10. The synthesis is complete and the design is saved as gate level verilog netlist and DEF format which has the placement information generated in PKS using 'save' window. If timing driven placement and routing is to be done a GCF file should also be produced which has the timing constraints and the path of 'ctlf' file.



Figure 6.1 Optimized synthesis for the Turn Prohibition Unit and Token Unit.

In the Figure 6.1 it can be seen that optimized synthesis for the Turn Prohibition Unit and the Token Unit has 7 blocks namely the token check, control 2, packet broad cast, prohibit start, control 1, prohibit check and bus arbitration unit. All these blocks are labeled in the figure. The functionality remains the same as described in the architecture.



Figure 6.2 Optimized Synthesis for the Routing Table Unit.

In the Figure 6.2, the optimized synthesis for the Routing Table unit is presented.

Though there are 7 blocks in this module, only 4 of them are highlighted, as the other three blocks are very small and cannot be seen unless it is zoomed further. The blocks which are visible are the update record blocks, multiplexer block, write data block and the table formulation block. These blocks perform the same function as described in the architecture. The darker lines show the connectivity between the blocks.



Figure 6.3 PKS showing the placement of all the cells.

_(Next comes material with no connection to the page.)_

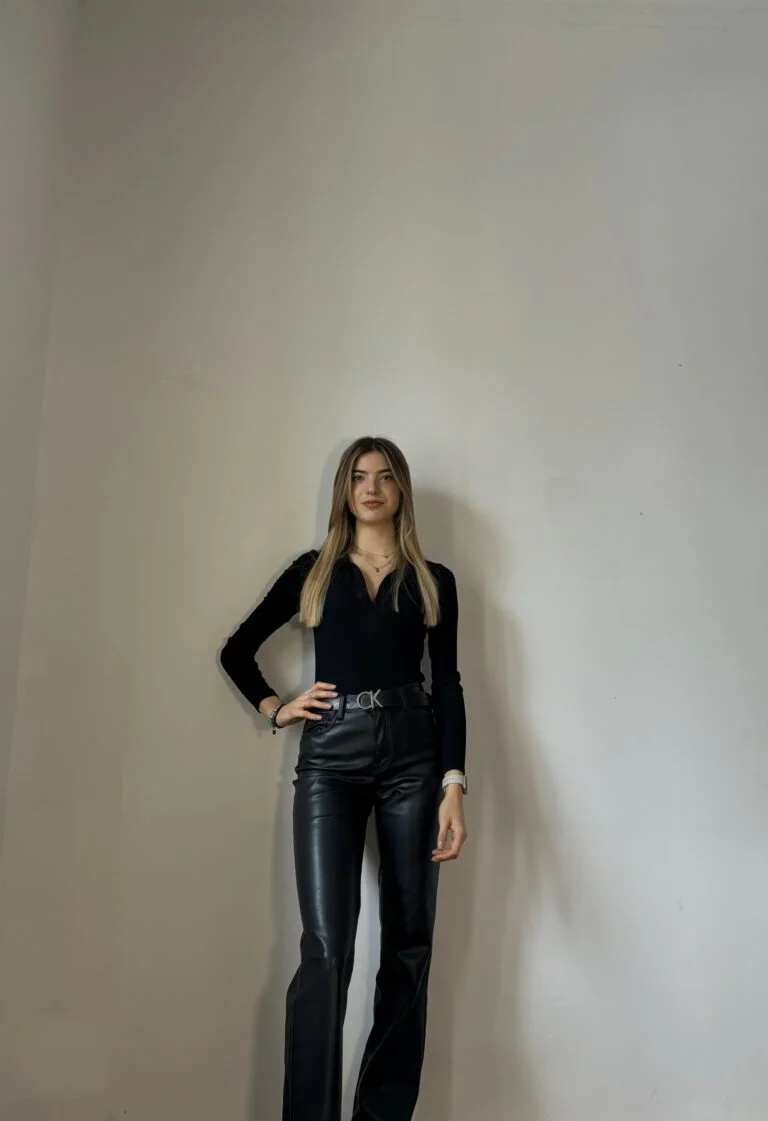 Beatrice Zallio - Showbiz Models (foto 5)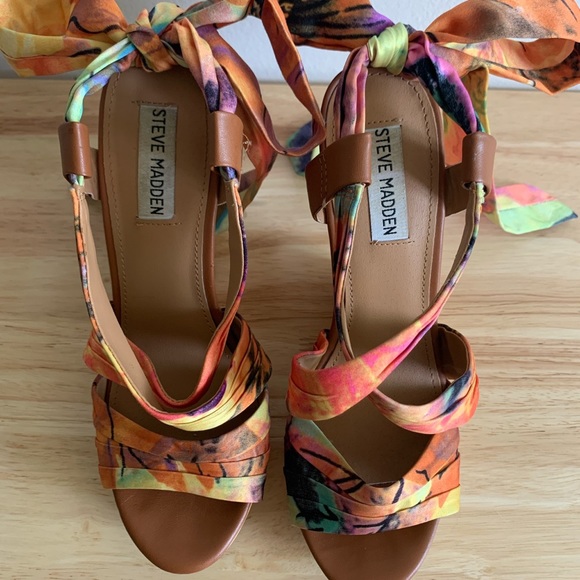 *SOLD* - Picture 3 of 4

The PKS option also generates the random placement of the IP blocks depending on the approximate size of the chip. A total of 54 IO pins are created randomly around the die area of the chip as shown in Figure. 6.4. In fact all these pins are not used by the process, only 40 pins are used by the whole process of which 16 pins are for the data and 16 pins are for the address and the rest 8 pins are for the clock, chip select, interrupt, interrupt acknowledge, node ID, port status, read/write and the Tx/Rx. In addition to this a reset pin can also be taken into consideration. Since the use of this pin is not demonstrated, this pin is not taken into account. Since this PKS synthesis is done automatically, the pins placement and the pin count cannot be controlled. However the pin count obtained by the synthesis is always greater than the desired pin count

### 6.3 Post Synthesis Simulation

In the synthesis process, gate level models of the design were produced and were simulated with MTI Model Sim for functionality as well as timing as described in chapter 5. For simulation purposes, a top-level verilog module is obtained from the Cadence Ambit Buildgates in which all the modules are instantiated. Since all the modules are sequential, all the blocks were simulated individually in a pipelined way, which means that the output of one block is input to the next one with the produced delay. The final results are shown in the following figures.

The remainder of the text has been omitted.